U.S. sales of FluMist in 2015 totaled $206 million.
In any given flu season, vaccine effectiveness varies. One factor is how well the vaccines match the virus that is actually prevalent. Other factors include the age and general health of the recipient. In the overall population, the CDC says studies show vaccines can reduce the risk of flu by about 50 to 60 percent when the vaccines are well matched.
Now, researchers are trying to find a common factor behind FluMist’s recent incidents of poor performance.
There’s not a clear answer, said Henry Bernstein, a professor of pediatrics at Hofstra Northwell School of Medicine in New York and an ex-officio member of the committee on infectious diseases for the American Academy of Pediatrics.
“We know that the influenza virus itself is totally unpredictable from one year to the next,” he said.

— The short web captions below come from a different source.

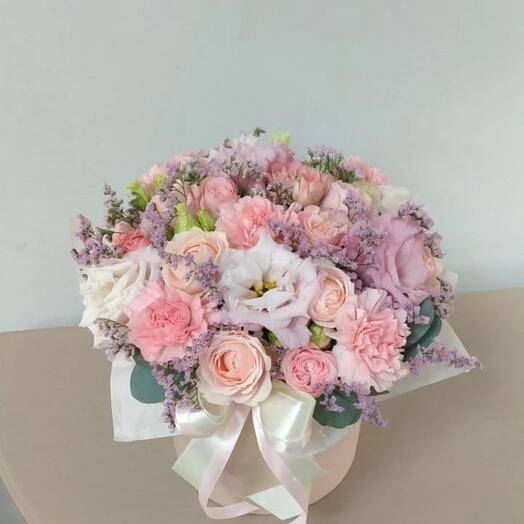 Bouquet of Ecuadorian bushy peony rose, limonium, pistache, dianthus in a hatbox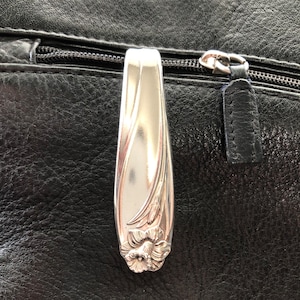 May include: A silver-toned metal zipper pull with a floral design. The pull is attached to a black leather bag.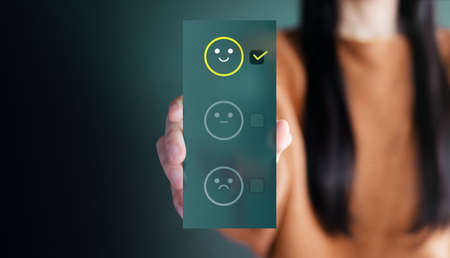 Customer Experiences Concept. Happy Client giving Excellent Rating Feedback on Card to Brand. Positive Review. Satisfaction Survey. Marked on Smiling Emoticonの写真素材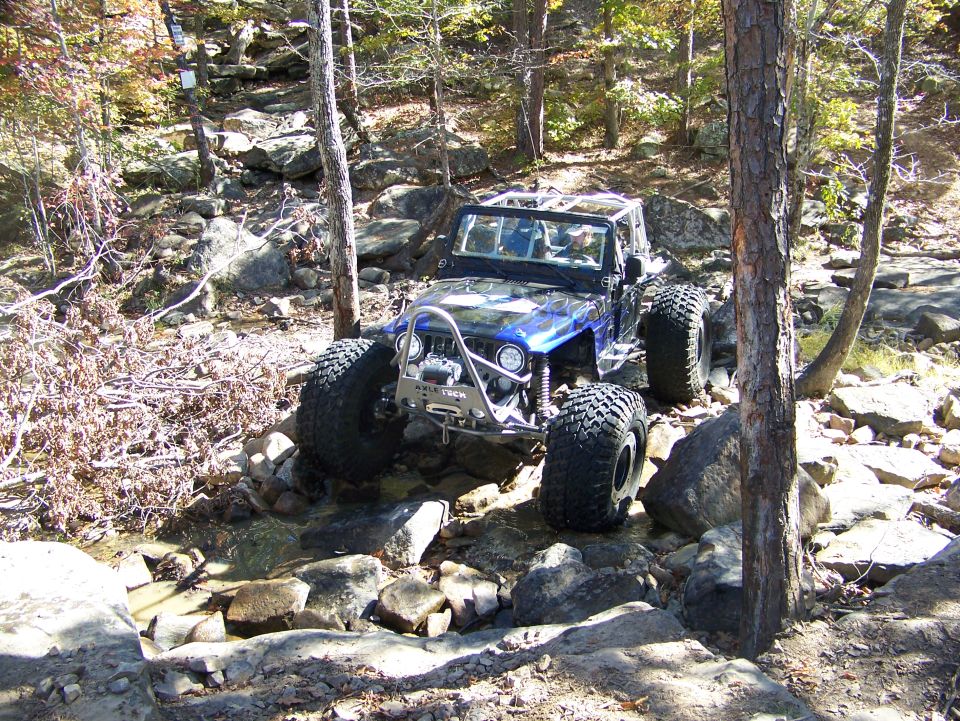 Blue flamed caged Jeep rock crawler climbing rocky creek bed in fall woods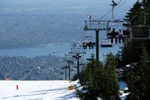 People sitting on a ski chair lift above the snow with Vancouver city and ocean in the distance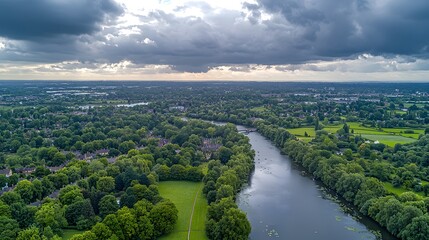 Aerial view of lush green landscape with a winding river under a stormy sky.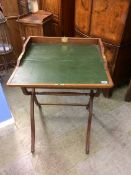 An oak campaign style folding writing table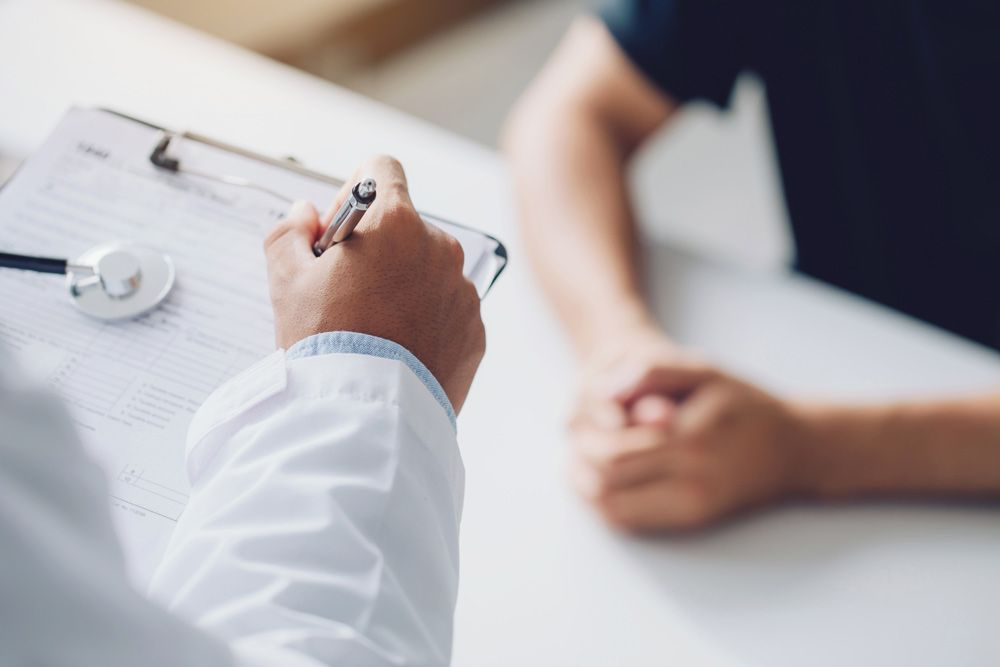 Doctor writing notes during a patient consultation at a desk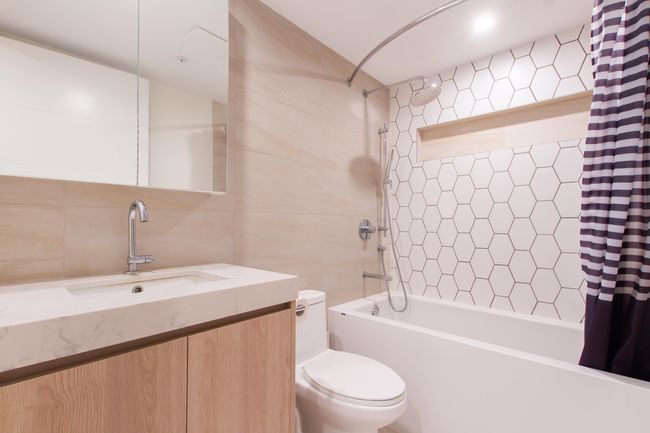 Full bath featuring shower / tub combo, tile walls, toilet, and vanity | Image 12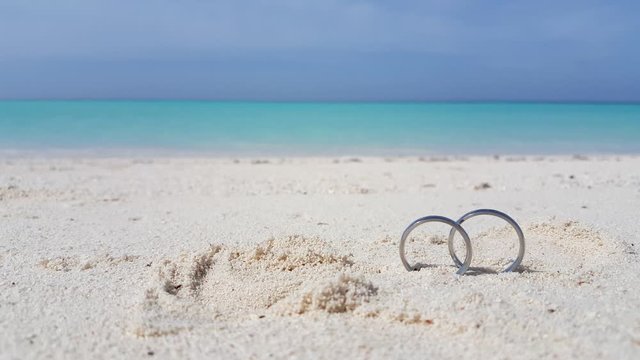 Wedding rings on the beautiful white sand beach with waves and clear blue sky at background in New Caledonia, France - Close up shot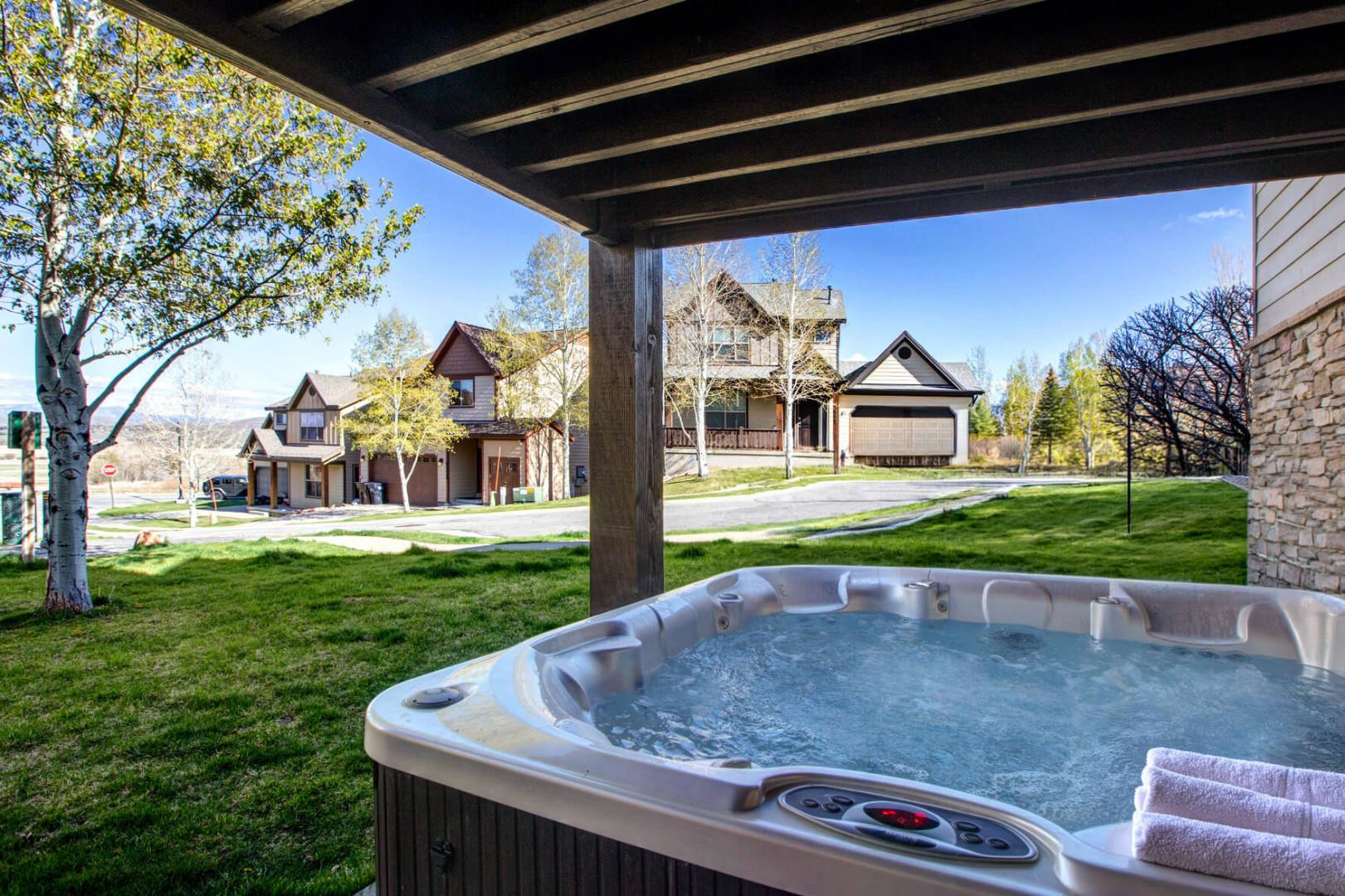 Soak in your private hot tub under rustic beams while overlooking peaceful neighborhood views—perfect for unwinding after exploring.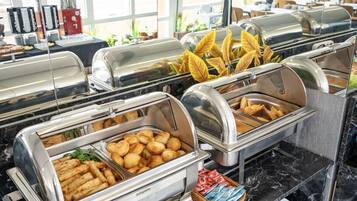 A buffet with various food items including fried items and bread.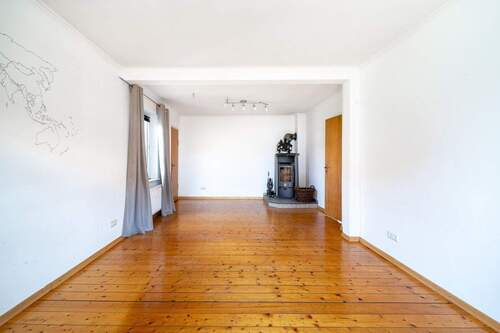 Vorderhaus Wohnzimmer EG - Einfamilienhaus mit 248,00 m&sup2; in Schloß Holte-Stukenbrock zum Kaufen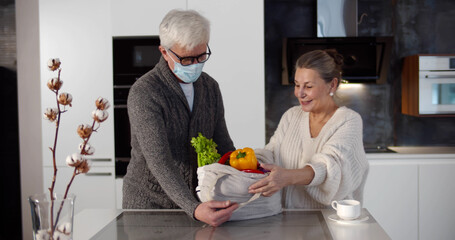 Senior man in safety mask coming home with groceries and unpacking with wife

Among the questions researchers are considering is why the strain of pandemic H1N1 used in the 2013-14 flu season didn’t perform well. The manufacturer’s attempt to fix it in following seasons also did not work.
Several years ago, the vaccine also went from incorporating three flu virus strains to four. Did that somehow reduce its effectiveness? The earlier studies demonstrating that the spray was more effective than the shots were based on the three-virus vaccine, not the four-virus version.
Researchers will investigate whether the vaccine loses effectiveness for some reason when given to children who have had many previous flu vaccinations.
“The importance of preventing flu hasn’t changed,” Kimberlin said. “What has changed is we have one less tool.”